Saturday, August 27, 2016

Consult Guys

As a practicing physician, I understand the temptation to skip the medical literature. A sick patient comes in and we're so focused on the things that might help him, as what we'd been taught in medical school, that we don't think of looking at anything else. Except those maxims portrayed as the golden rule by our senior.

The sicker the patient, the greater the temptation to skip the reality check. It's a temptation that can sometimes prove wrong. My classmate's dad came in two weeks ago with crushing chest pain. In the middle of the night. I was on call and told myself that was a serious heart attack after looking at those berserk zigzag lines of his electrocardiogram. And a heart rate slower than 40 per minute. This means a blocked blood vessel depriving my patient's heart muscle of oxygen supply. One of the most dreadful consequences of deoxygenated heart muscle is muscle death, if not patient's death.

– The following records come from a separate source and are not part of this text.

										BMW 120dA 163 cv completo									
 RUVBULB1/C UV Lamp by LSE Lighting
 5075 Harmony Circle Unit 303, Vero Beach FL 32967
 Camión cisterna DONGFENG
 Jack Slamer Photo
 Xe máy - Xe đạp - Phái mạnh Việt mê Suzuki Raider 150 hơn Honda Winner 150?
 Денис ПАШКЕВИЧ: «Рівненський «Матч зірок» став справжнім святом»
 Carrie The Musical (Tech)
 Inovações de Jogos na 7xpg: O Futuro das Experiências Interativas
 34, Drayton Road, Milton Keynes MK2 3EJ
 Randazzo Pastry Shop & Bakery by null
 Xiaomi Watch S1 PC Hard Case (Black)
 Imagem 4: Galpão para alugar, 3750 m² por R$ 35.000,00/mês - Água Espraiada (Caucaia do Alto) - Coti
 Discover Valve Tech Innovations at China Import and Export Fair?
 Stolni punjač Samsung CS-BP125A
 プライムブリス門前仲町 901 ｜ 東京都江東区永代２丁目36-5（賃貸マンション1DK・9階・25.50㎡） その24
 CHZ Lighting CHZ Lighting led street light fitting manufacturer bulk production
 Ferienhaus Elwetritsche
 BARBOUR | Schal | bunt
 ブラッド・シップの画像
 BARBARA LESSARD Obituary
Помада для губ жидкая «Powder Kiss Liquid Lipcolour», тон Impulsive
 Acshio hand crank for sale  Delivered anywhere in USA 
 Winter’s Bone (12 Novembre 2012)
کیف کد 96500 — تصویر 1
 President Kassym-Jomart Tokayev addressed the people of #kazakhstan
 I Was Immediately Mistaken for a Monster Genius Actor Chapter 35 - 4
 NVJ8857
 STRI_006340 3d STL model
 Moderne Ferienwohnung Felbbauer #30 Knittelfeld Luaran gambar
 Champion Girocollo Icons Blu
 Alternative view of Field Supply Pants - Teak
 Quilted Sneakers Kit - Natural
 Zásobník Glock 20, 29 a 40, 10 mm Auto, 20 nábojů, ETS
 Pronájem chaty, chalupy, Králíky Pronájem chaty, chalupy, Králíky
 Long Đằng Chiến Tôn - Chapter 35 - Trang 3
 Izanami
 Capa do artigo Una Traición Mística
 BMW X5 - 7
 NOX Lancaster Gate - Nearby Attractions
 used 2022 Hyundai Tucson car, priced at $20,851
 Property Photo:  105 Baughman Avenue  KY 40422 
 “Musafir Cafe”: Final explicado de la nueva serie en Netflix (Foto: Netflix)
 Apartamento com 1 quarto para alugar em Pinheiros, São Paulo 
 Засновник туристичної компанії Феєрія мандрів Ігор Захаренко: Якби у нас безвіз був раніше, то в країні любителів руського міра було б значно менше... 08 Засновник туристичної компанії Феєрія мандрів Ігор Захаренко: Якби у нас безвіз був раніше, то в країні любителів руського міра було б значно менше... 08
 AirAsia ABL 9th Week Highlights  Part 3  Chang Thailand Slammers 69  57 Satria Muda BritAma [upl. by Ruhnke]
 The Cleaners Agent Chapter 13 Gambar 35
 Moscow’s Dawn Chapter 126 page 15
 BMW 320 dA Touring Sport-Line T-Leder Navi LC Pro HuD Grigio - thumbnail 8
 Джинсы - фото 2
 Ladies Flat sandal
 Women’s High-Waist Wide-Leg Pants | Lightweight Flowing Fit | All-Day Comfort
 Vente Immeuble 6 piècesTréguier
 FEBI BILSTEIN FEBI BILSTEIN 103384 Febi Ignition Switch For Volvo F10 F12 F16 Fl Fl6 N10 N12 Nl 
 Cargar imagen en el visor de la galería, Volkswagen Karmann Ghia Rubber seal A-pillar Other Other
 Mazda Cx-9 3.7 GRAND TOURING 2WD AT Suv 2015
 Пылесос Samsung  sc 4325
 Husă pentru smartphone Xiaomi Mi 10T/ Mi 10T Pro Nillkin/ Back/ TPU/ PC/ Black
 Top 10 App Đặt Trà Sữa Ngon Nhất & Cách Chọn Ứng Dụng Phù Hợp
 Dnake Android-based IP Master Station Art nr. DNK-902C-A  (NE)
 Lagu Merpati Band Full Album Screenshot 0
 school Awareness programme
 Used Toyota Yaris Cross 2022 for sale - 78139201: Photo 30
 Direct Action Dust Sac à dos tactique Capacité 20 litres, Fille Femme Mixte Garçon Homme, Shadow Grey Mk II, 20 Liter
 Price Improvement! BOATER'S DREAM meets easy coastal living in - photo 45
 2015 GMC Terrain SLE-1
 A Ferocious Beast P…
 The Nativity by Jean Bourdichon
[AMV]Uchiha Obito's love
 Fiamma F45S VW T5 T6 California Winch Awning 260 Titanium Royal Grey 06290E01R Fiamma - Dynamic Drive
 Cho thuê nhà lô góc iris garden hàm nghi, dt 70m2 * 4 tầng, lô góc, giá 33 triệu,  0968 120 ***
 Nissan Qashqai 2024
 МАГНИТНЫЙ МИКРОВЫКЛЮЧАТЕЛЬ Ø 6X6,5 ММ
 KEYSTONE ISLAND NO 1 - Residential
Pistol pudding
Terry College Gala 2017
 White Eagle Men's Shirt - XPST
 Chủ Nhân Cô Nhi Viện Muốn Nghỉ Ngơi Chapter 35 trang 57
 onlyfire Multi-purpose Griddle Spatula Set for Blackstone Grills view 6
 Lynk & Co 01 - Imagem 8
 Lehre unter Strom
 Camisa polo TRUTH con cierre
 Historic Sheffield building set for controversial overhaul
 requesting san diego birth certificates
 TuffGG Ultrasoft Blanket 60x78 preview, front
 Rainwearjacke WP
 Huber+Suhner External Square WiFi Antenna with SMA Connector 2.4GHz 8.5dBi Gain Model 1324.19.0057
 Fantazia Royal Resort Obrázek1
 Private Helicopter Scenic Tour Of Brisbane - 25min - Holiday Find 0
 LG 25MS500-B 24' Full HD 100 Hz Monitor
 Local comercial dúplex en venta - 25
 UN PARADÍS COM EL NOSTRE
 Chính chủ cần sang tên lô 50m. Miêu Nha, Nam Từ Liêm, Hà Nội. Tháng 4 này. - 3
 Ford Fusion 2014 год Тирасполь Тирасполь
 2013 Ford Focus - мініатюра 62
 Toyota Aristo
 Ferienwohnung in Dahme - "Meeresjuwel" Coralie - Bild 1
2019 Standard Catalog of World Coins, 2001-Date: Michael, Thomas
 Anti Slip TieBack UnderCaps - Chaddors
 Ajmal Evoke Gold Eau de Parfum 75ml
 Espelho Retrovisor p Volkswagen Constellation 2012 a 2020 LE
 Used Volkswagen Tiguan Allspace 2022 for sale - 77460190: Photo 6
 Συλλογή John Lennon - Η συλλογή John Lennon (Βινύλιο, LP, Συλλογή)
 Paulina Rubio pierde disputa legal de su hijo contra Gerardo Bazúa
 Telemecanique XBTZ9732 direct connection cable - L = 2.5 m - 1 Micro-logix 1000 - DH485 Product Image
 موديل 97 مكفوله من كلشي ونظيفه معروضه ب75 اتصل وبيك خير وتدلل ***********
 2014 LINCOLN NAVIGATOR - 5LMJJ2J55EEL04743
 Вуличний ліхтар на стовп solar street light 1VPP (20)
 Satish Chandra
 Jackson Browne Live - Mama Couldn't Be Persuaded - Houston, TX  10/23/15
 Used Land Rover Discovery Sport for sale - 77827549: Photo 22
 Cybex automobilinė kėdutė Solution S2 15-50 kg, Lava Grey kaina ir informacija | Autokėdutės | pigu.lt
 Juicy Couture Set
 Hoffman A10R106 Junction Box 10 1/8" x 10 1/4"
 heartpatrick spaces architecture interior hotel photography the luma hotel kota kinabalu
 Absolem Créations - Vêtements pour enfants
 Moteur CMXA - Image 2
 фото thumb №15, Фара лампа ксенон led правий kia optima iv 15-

Quick, I reminded myself, to bring back oxygen to his precarious heart by clot buster medication. And extra oxygen, most of us would say. Why not? President Eisenhower was even placed in an oxygen tank when he had an heart attack more than sixty years ago. We don't use oxygen tank nowadays; my previous textbook Clinical Medicine by Kumar and Clark suggested oxygen at 60% administered by face mask for several hours. This is not a new idea. And neither is it a correct idea. With time, we are learning the harmful effect of (too much) oxygen. This is a recent topic in the journal Annals of Internal Medicine . The title of this video teaching feature is Consult Guys, by which it refers to two old guys (think about the white-haired consultant in authoritative white coats) discussing the updated science of medicine.

The way those two consultants address the questions and debunk those because-I-said-so myths can powerfully remind myself not to let my brain get sclerotic with age, sticking with dogma without doubt. Even my hair isn't getting grey, I am old enough to get a job promotion to be the consult guy. That's why I have to read and keep myself updated.